• _What is being asked_: Set down exactly the lines below, starting at the one that contains "2019 Maruti S" and ending at the one that contains "33 Evans Avenue, Seaforth QLD 4741", with both of those lines included and nothing else.

• _Exercise input_:

--- START ---

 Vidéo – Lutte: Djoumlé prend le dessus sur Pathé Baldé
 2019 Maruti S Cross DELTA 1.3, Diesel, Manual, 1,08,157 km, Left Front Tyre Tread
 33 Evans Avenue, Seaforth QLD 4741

--- END ---
--- START ---

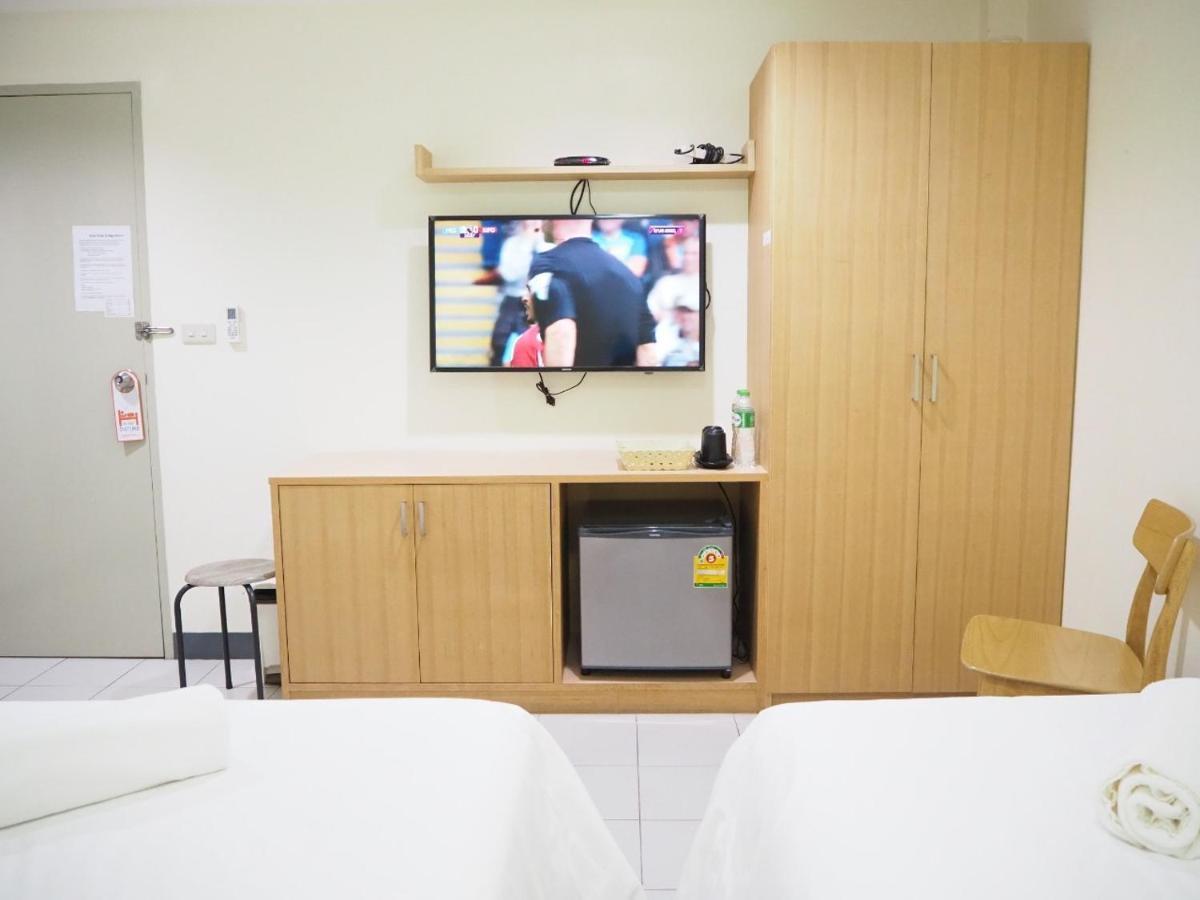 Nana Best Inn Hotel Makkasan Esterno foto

--- END ---

• _Solved exercise_:
 2019 Maruti S Cross DELTA 1.3, Diesel, Manual, 1,08,157 km, Left Front Tyre Tread
 33 Evans Avenue, Seaforth QLD 4741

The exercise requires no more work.